At this critical juncture, Congress has the rare opportunity to save more than 500 lives a year and prevent tens of thousands of injuries with the mere stroke of a pen. No other provision in this appropriations bill can claim such an outcome, and we must not miss this chance to save so many lives.

Critics of the sanction provision claim it is an attack on states rights. It is not. The government and the people have an overriding interest in saving lives, which this provision would do just like similar national laws governing alcohol provisions for age 21 and zero tolerance. We have national laws governing food and water purity, auto and occupational safety. In transportation, there is no clearer example than federal airline safety laws. Why not a national alcohol law? It doesn t make sense that a person could be drunk in one state and then suddenly become sober merely by crossing the state line.

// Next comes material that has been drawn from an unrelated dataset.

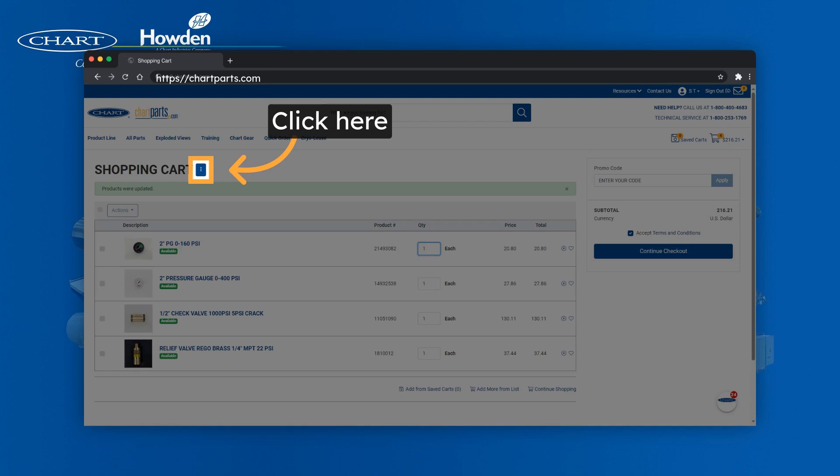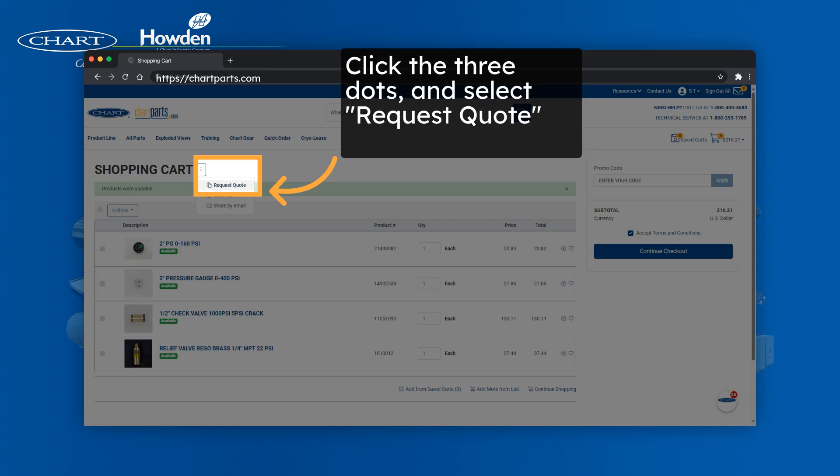Once you're in the shopping cart, you want to click the three buttons on the left side of the screen to the right of shopping cart. That's going to provide you with the drop down where you'll select request quote.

The toll from alcohol-related crashes is too large to suggest that it doesn t warrant national attention.

Two earlier public safety laws, which include such sanctions provisions, have proven highly successful and secured bipartisan support. Our national 21 drinking-age law was passed by a Democratic Congress in 1984 under the leadership of Sen. Frank Lautenberg (D-N.J.) and signed by President Reagan. Everyone today recognizes the importance and effectiveness of this law, which is saving 1,000 lives every year more than 18,000 since it was passed.

In 1995 safety advocates, the Republican Congress and the Clinton administration joined together to pass the zero alcohol tolerance law with sanctions. And it has worked. Every state has already passed into law this requirement to protect our youth, and lives are being saved.

Not one state lost a penny of highway funds as a result of any of these crucial highway safety laws. Indeed, many billions of taxpayers dollars and untold trauma have been saved through adoption of these national laws.

Today Public Citizen and Advocates for Highway and Auto Safety are here to urge the Congress to keep the .08 BAC provision. The conferees have to make a decision about what they stand for. Do they stand with the alcohol industry? Or do they stand with citizens on the side of saving lives? The choice is clear. The decision should be easy. Thank you.